- Data:
Start of Block

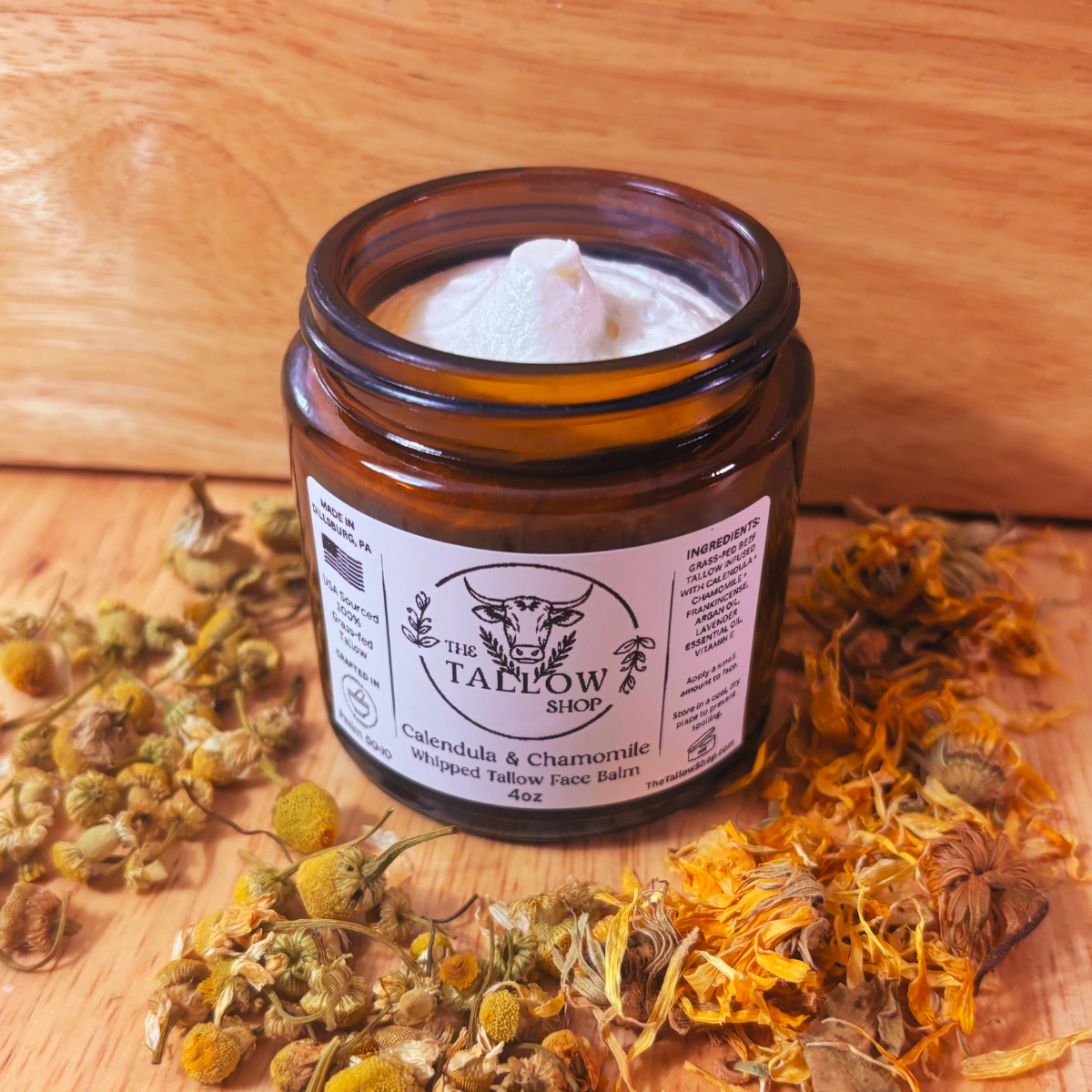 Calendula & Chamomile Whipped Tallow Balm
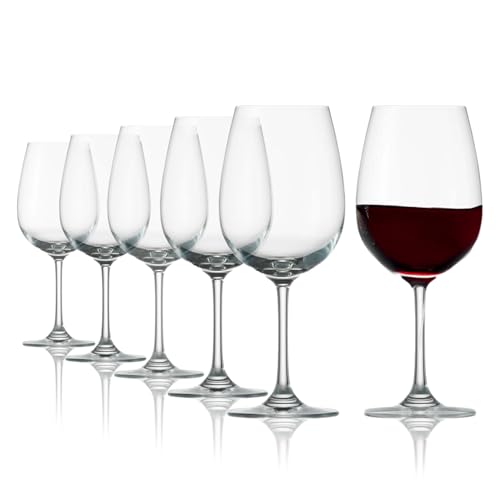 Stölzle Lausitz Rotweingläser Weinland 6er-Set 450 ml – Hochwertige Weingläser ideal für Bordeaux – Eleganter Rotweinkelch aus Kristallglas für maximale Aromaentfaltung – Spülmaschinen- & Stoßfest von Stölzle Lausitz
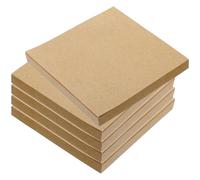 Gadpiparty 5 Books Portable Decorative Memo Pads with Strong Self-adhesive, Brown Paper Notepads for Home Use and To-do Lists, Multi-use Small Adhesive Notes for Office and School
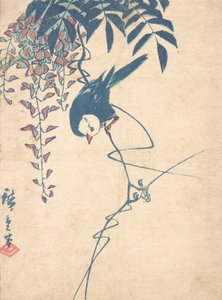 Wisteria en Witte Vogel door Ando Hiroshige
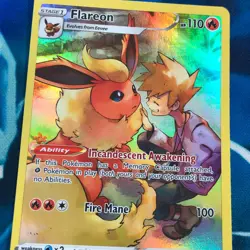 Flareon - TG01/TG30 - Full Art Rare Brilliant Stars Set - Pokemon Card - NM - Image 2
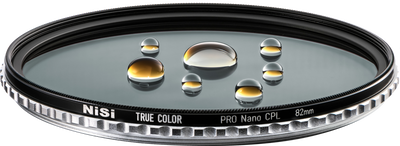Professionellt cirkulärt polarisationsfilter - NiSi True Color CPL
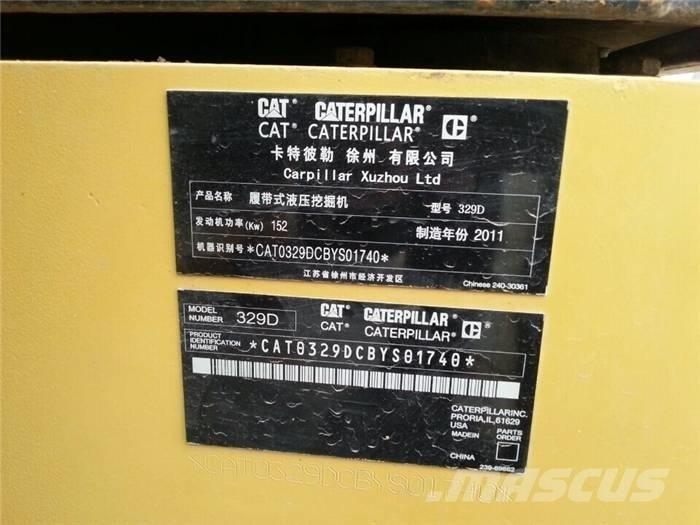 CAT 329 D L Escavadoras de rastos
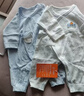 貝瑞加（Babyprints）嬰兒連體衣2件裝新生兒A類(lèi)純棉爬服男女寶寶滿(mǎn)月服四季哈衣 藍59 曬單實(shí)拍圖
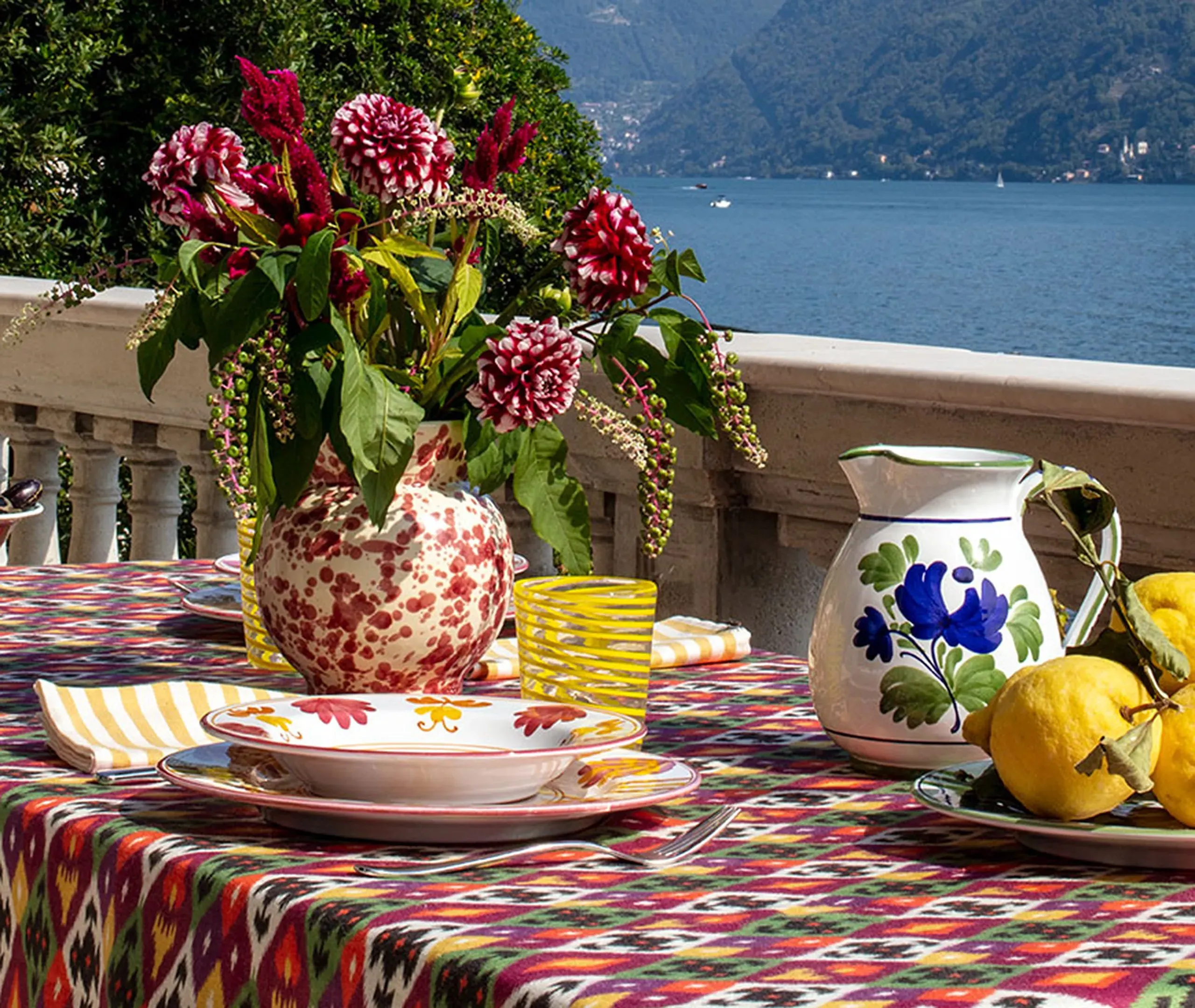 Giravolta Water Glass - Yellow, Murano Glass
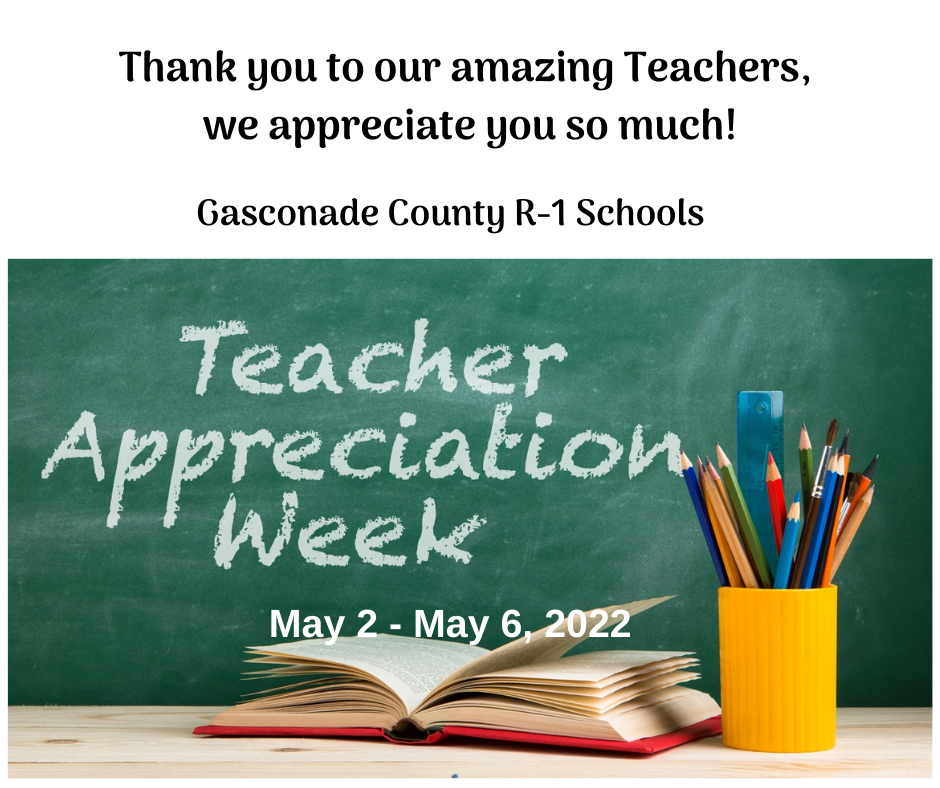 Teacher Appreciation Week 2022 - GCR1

End of Block
Start of Block

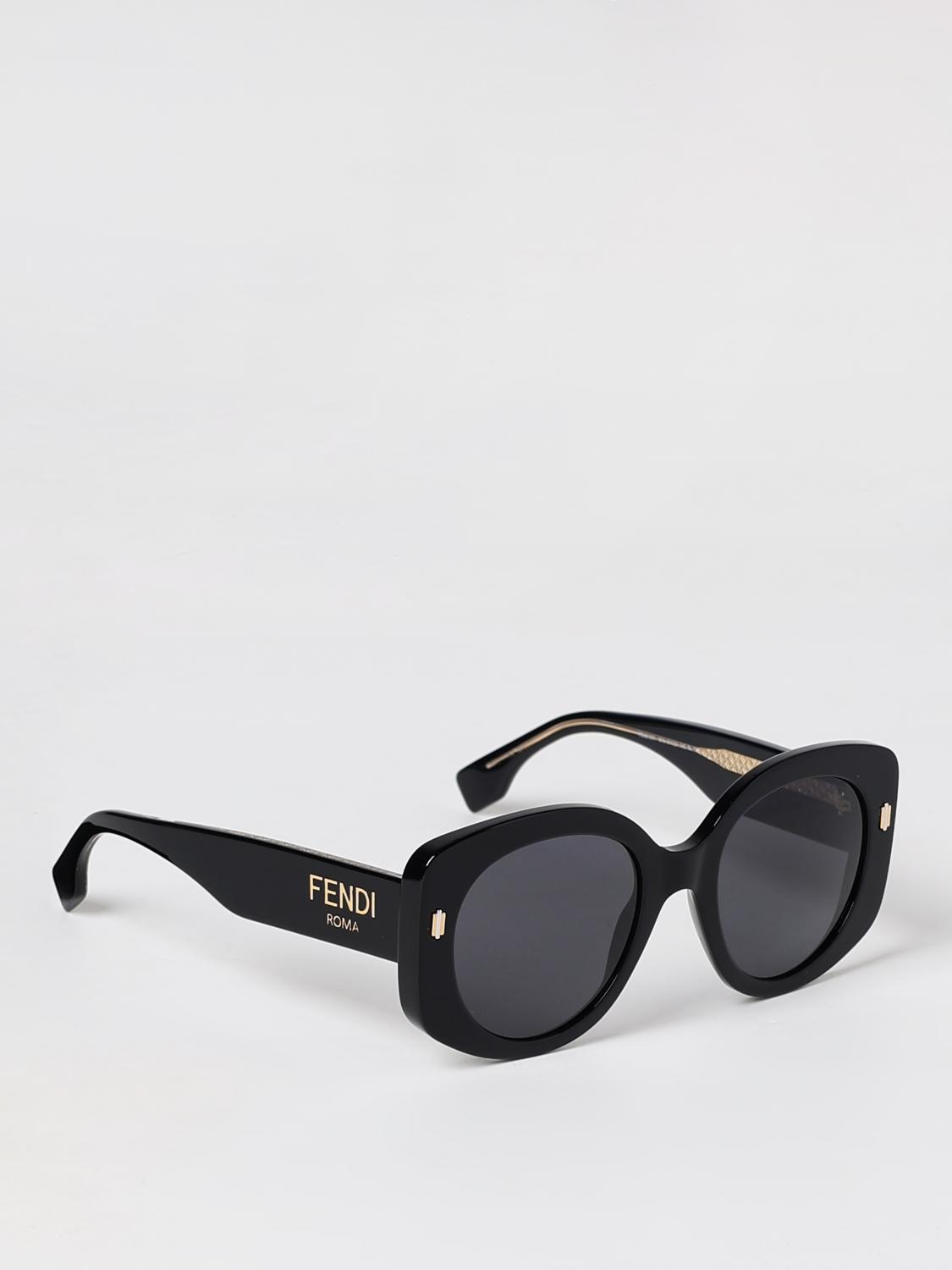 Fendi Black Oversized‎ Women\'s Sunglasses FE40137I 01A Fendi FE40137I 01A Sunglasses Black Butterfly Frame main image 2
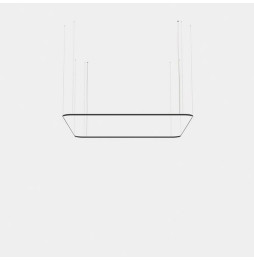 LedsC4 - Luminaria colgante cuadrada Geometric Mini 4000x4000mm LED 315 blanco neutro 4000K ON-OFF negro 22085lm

End of Block

- Task to carry out:
From the records above, copy only the lines running from the line containing "Gadpiparty 5 Books" to the line containing "Wisteria en Witte Vogel door Ando Hiroshige", both ends included. Leave the pictures out.

- Problem solution:
 Gadpiparty 5 Books Portable Decorative Memo Pads with Strong Self-adhesive, Brown Paper Notepads for Home Use and To-do Lists, Multi-use Small Adhesive Notes for Office and School
 Wisteria en Witte Vogel door Ando Hiroshige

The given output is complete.